I am looking for beta-testers for fdups.

fdups is a program to detect duplicate files on locally mounted
filesystems. Files are considered equal if their content is identical,
regardless of their filename. Also, fdups ignores symbolic links and is
able to detect and ignore hardlinks, where available.

In contrast to similar programs, fdups does not rely on md5 sums or
other hash functions to detect potentially identical files. Instead, it
does a direct blockwise comparison and stops reading as soon as
possible, thus reducing the file reads to a maximum.

fdups has been developed on Linux but should run on all platforms that
support Python.

fdups' homepage is at http://www.homepages.lu/pu/fdups.html, where
you'll also find a link to download the tar.

I am primarily interested in getting feedback if it produces correct
results.
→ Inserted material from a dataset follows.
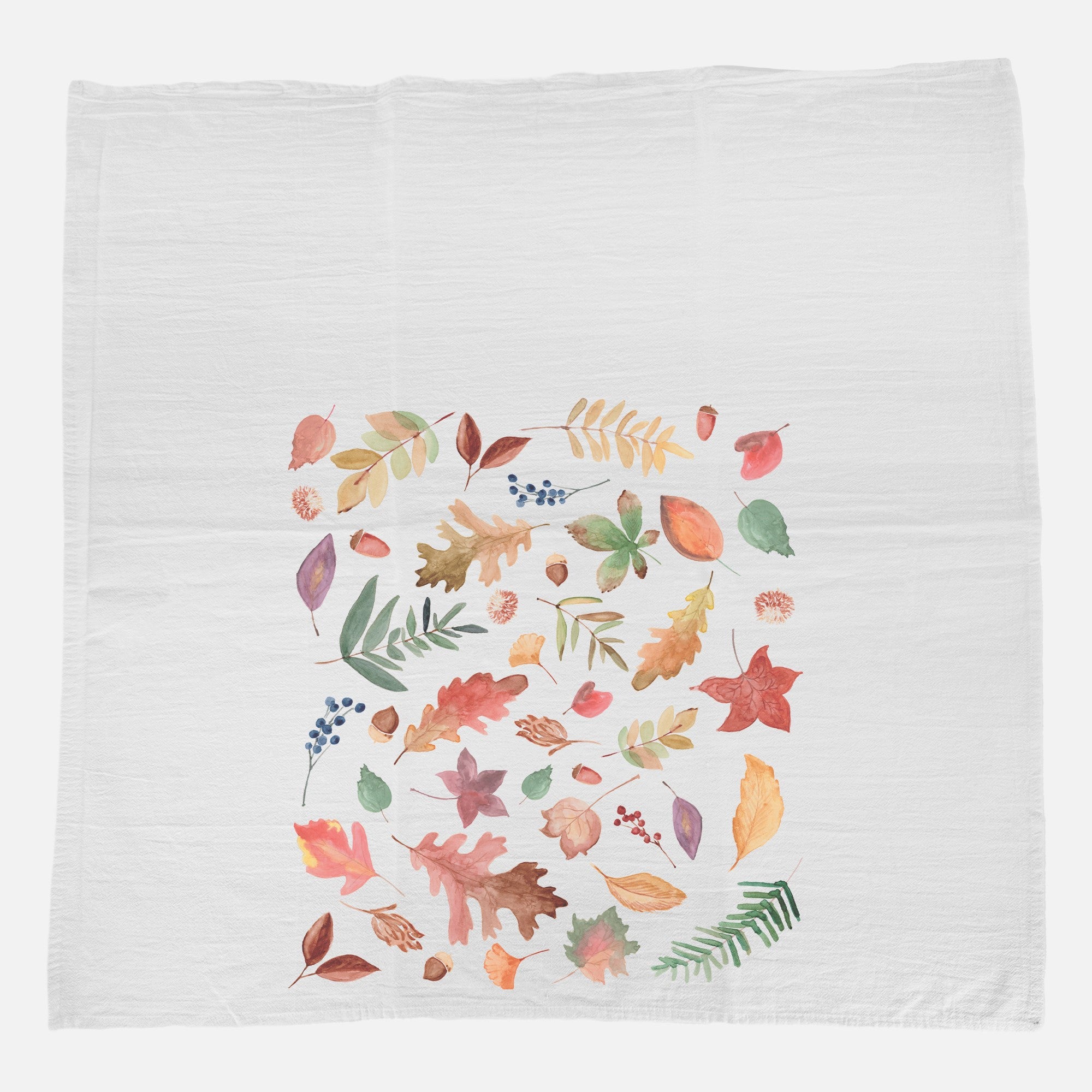 A vibrant cotton tea towel featuring a fall leaves pattern, showcasing rich autumn colors and hemmed edges, perfect for kitchen use.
But as I haven't been programming in Python for a year or so,
I'd also be interested in comments on code if you happen to look at it
in detail.

Your help is much appreciated.

-pu
Jul 18 '05 #1
8 1450

Patrick Useldinger wrote:

fdups' homepage is at http://www.homepages.lu/pu/fdups.html, where
you'll also find a link to download the tar.


"""fdups has no installation program. Just change into a temporary
directory, and type "tar xfj fdups.tar.bz". You should also chown the
files according to your needs, and then copy the executables to your
PATH."""

(1) It's actually .bz2, not .bz (2) Why annoy people with the
not-widely-known bzip2 format just to save a few % of a 12KB file?? (3)
Typing that on Windows command line doesn't produce a useful result (4)
Haven't you heard of distutils?

(5) if files[subgroup[j]]['flag'] and files[subgroup[i]]['buffer'] ==
files[subgroup[j]]['buffer']:

That's not the most readable code I've ever seen.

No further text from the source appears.